Applegate has 44 volunteers on its roster, but next door in Williams, there's only a single volunteer to supplement two part-time paid staffers. There are volunteer shortages across the county and across a nation that has other interests and needs.
"In the fire service as a whole, numbers have gone down," Williams Fire Chief Mike Kuntz said. "It's not just Williams."
Williams, one of the prime marijuana-growing regions in the state, has even been looking into abolishing testing for the presence of now-legal pot use by its fire department volunteers, in an effort to attract applicants.
"If marijuana's legal, why test?" Kuntz said.
A town hall meeting seeking community input on department issues is tentatively set for 6 p.m. Feb. 14 at the Williams Grange.
The benefits of being a volunteer include the satisfaction of helping others in time of great need. And there's also the chance to make some great friends. Learning new skills, including medical skills, is a big benefit.
"Greatest career out there," said Gilbert, noting that volunteers and interns sometimes go on to professional careers in firefighting and rescue.
The training for volunteers often occurs on weekends or evenings, although the more-serious interns typically train on weekdays through Rogue Community College.
Volunteers don't have to be superhuman, but they can't be couch potatoes, either. One volunteer began at age 70, Gilbert said. Typically, there's support positions available for those who aren't in the mood for pulling hoses, climbing ladders and doing some dirty work.
"You have to know your limits," Gilbert said. "It's not the job for everybody."
But it's the job for somebody.

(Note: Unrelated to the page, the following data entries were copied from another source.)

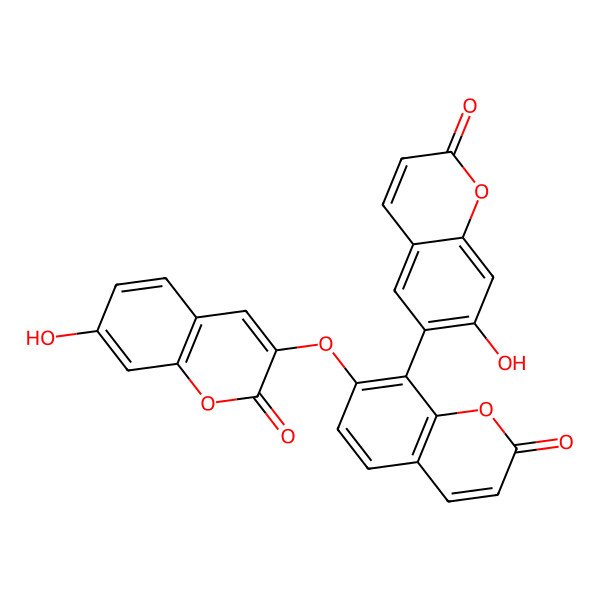 2D Structure of 8-(7-Hydroxy-2-oxochromen-6-yl)-7-(7-hydroxy-2-oxochromen-3-yl)oxychromen-2-one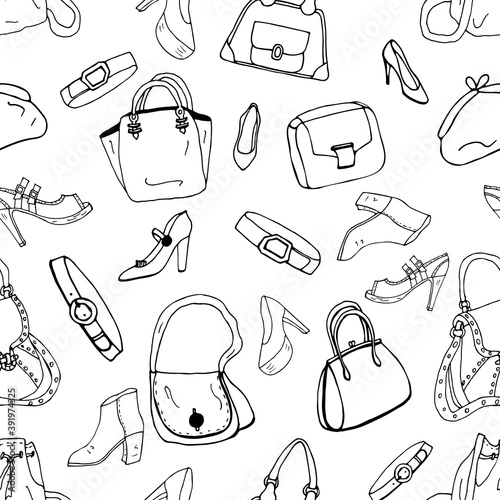 Seamless pattern from hand drawn fashionable shoes, bags and accessories.  Set of doodles of clothes, bags and shoes. Fashion sketches. Jewelry collection. Casual style. Fashion doodles. Clothes sketc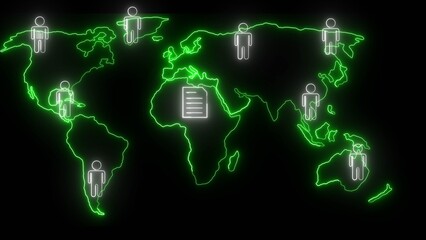 Glowing green world map with white human figures and document icon on black background earth globe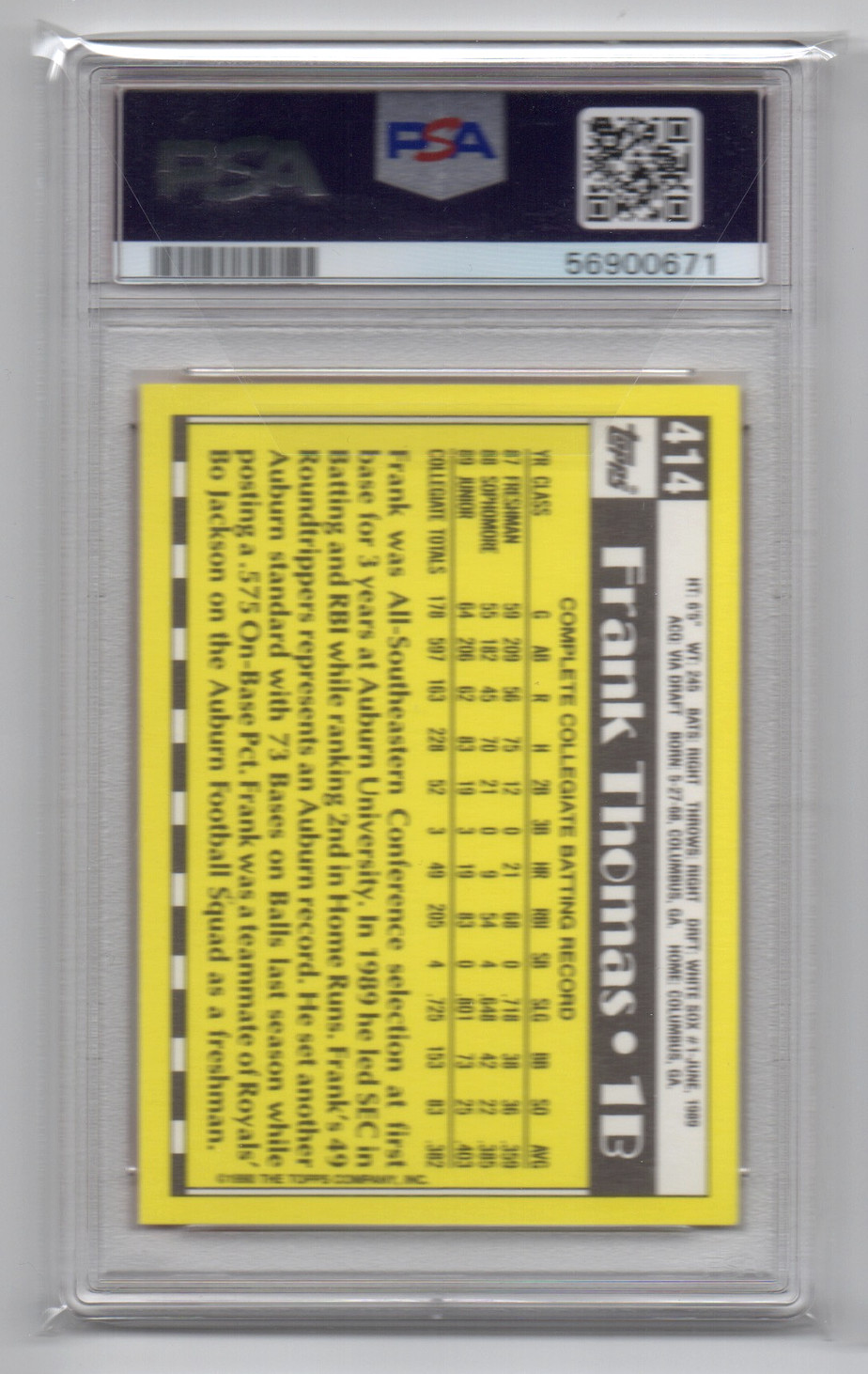1990 Topps Tiffany #414 Frank Thomas #1 Draft Pick RC Rookie PSA 9 MINT view 2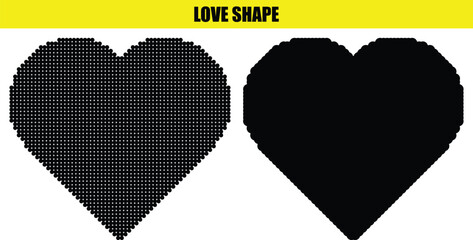 Pixelated and Solid Love Heart Shapes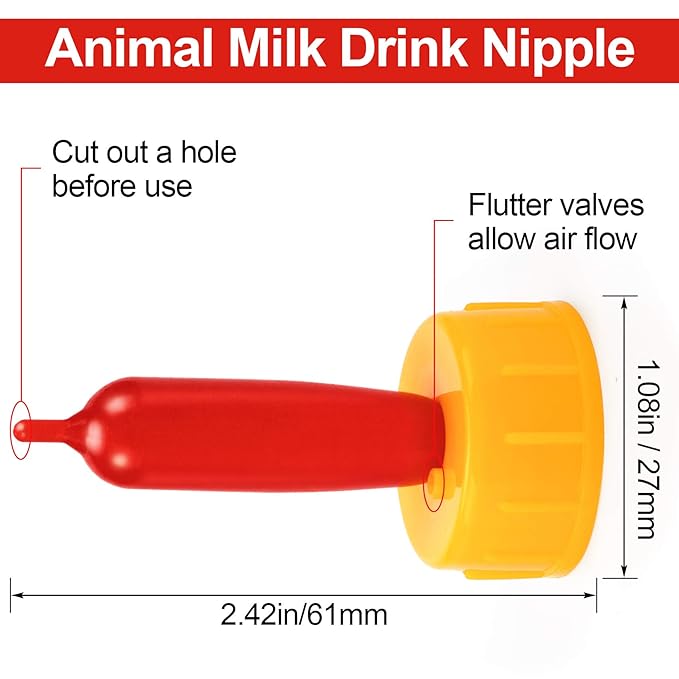 PAGOW 20PCS Nipple for Goats, Small Animal Milk Drink Nipples, Soft Rubber Pacifier for Nursing Lambs and Goat Kids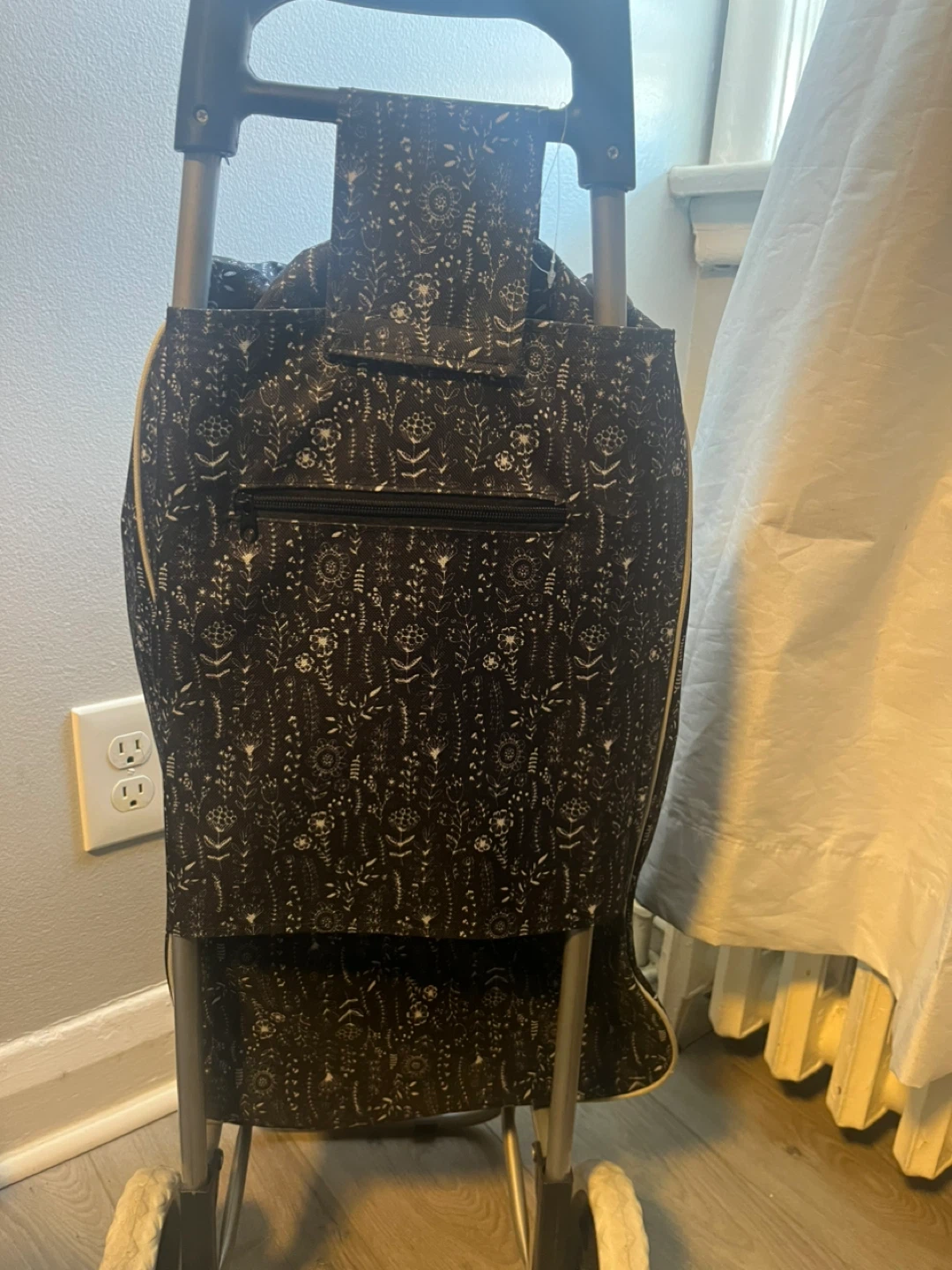 Black Floral Rolling Shopping Cart - photo 2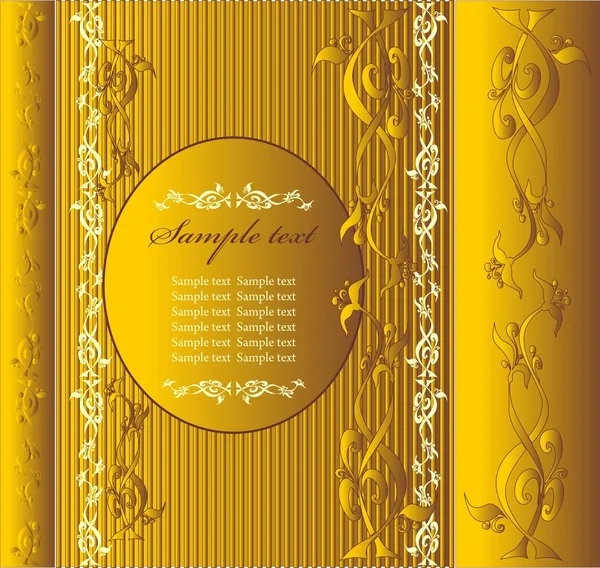 Рамка с цветочным орнаментом в золотом цвете — стоковый вектор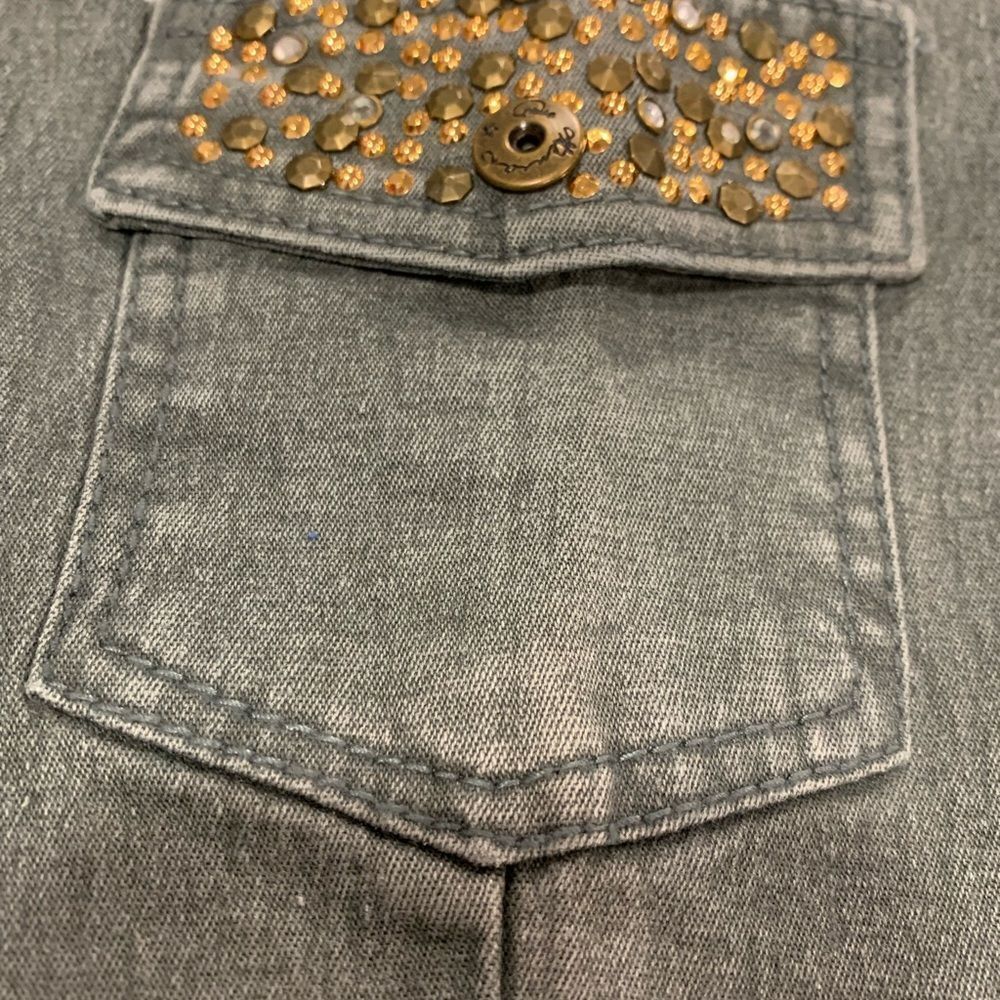 Diane Gilman Green Denim Ankle Pants with Gold Accents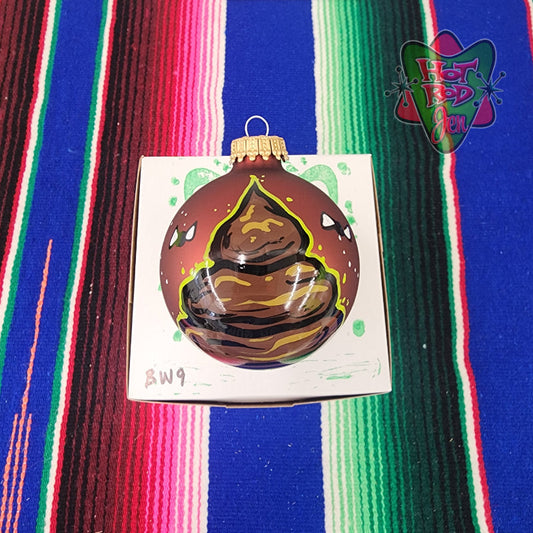 Hand pinstriped/painted glass ornament by Hot Rod Jen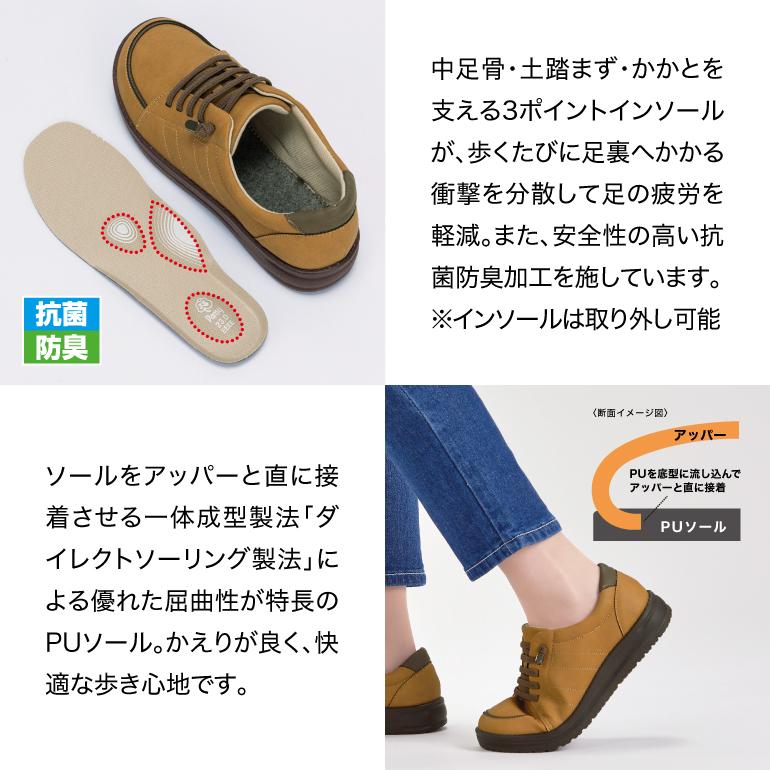 カジュアルシューズ ゴム紐 履きやすい 楽ちん サポートクッション 疲れ軽減 旅行に レディース 幅広 ゆったり 靴 4E パンジー pansy 4793 | PANSY | 12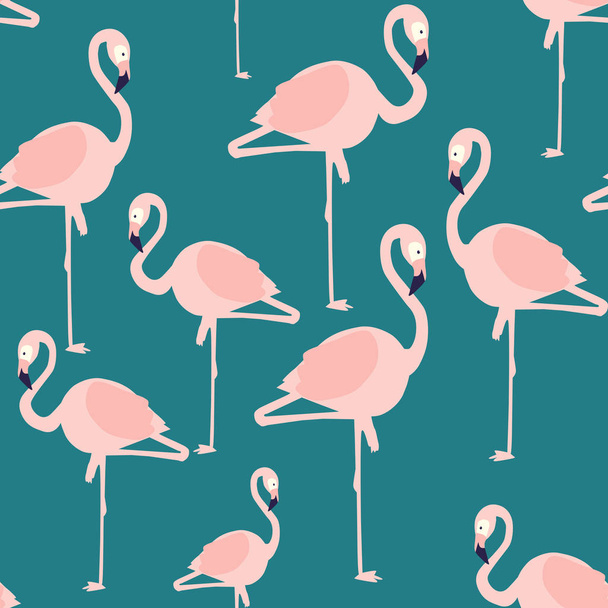 Prachtige bloemen zomer patroon achtergrond met Flamingo. Perfect voor wallpapers, Web pagina achtergronden, oppervlaktetexturen, textiel. - Foto, afbeelding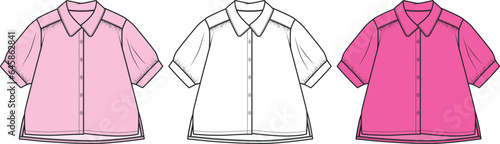 Knotted Shirt Design Technical Drawing, Shirt vector illustration with lacing detail. pink white shirt collection, Garment for Girls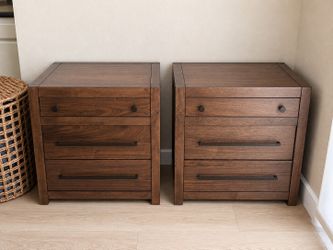 Set of two nightstands from living spaces. USB powered, Brown walnut, Sawyer collection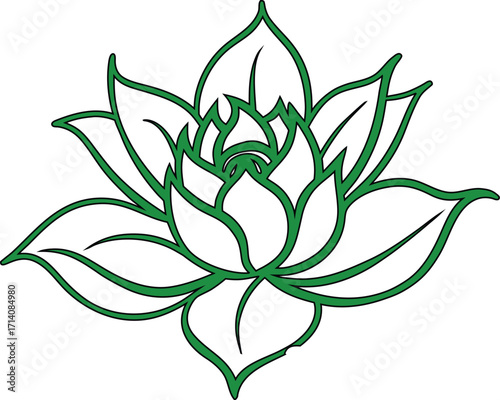 Geometric Lotus Flower Set – Minimalist Floral Vectors for Web & Print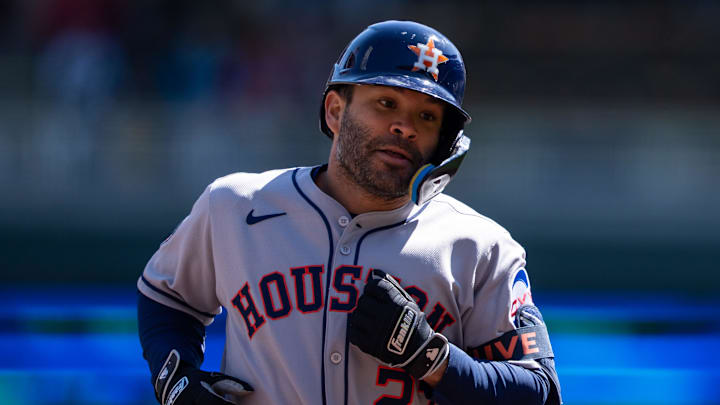 Apr 5, 2025; Minneapolis, Minnesota, USA; Houston Astros left fielder Jose Altuve (27) rounds the bases after hitting a solo home run during the first inning against the Minnesota Twins at Target Field. Apr 5, 2025; Minneapolis, Minnesota, USA; Houston Astros left fielder Jose Altuve (27) rounds the bases after hitting a solo home run during the first inning against the Minnesota Twins at Target Field.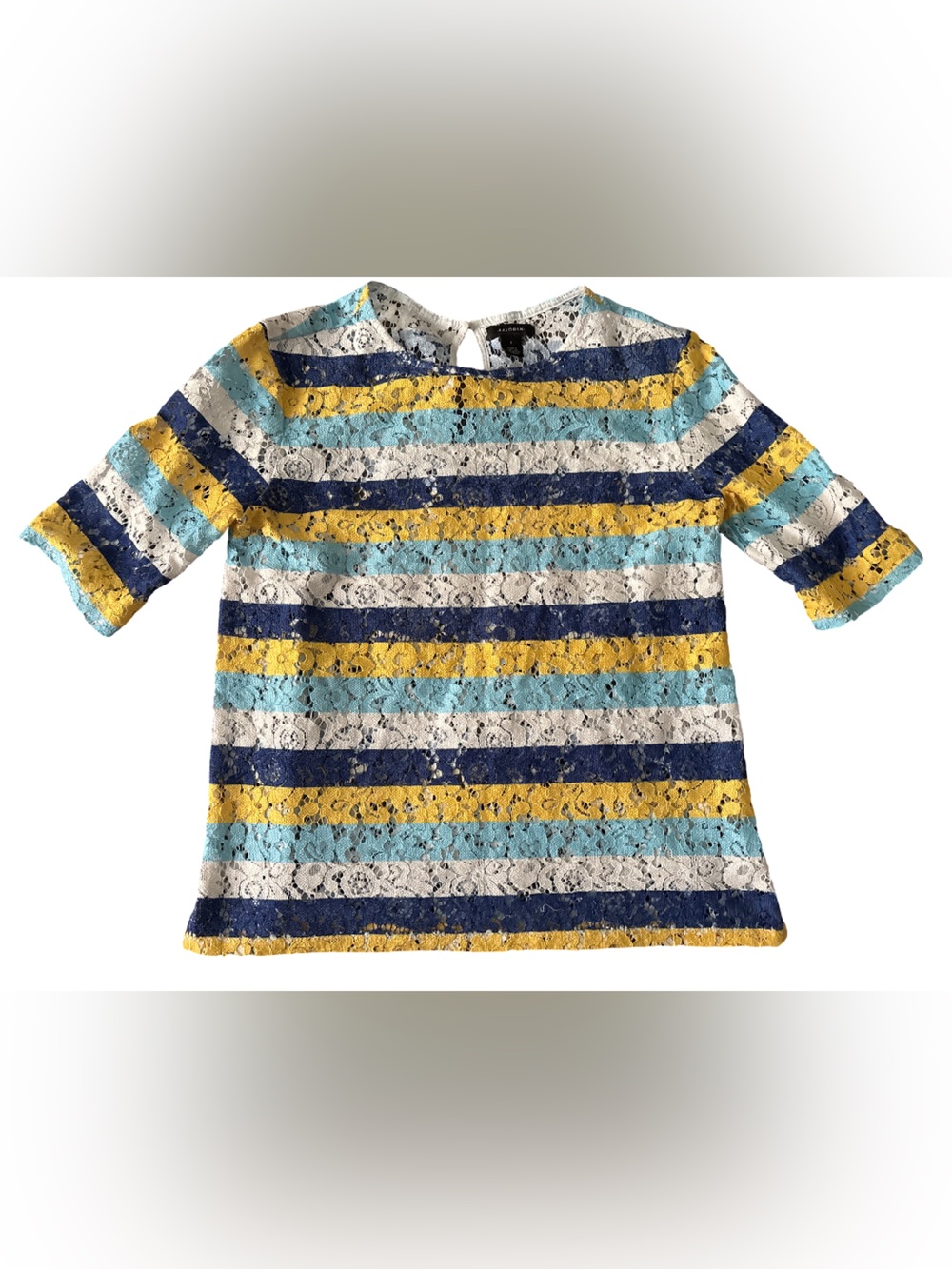 Halogen Navy, Yellow, Light Blue & White Lace Stripe Top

Wolf Creek Fire District Chief Steve Scruggs and Illinois Valley Fire District Chief Dennis Hoke say they need more help. They each have about 15 volunteers on the rolls.
"There's a lot of educational opportunities and room for advancement," said Scruggs.
"There's a lot of self-satisfaction. Somebody's sick, somebody's injured, you're helping them out."
Hoke said his department is "desperately in need" of more volunteers.
"It's a great organization, a great family," he said. "We saved a house a couple of nights ago. We saved a life on Christmas night. That makes it all worth it."
The Christmas night save involved a man with breathing problems, with the closest ambulance coming from Grants Pass.
"We got him back to breathing," the chief said.
The Illinois Valley Fire District has a resident volunteer firefighter program and is taking applications. Only three of six district stations currently are manned.
"It's a great way to see if it's a vocation you want to get into," Hoke said, adding that best of all, "People really like to see us show up."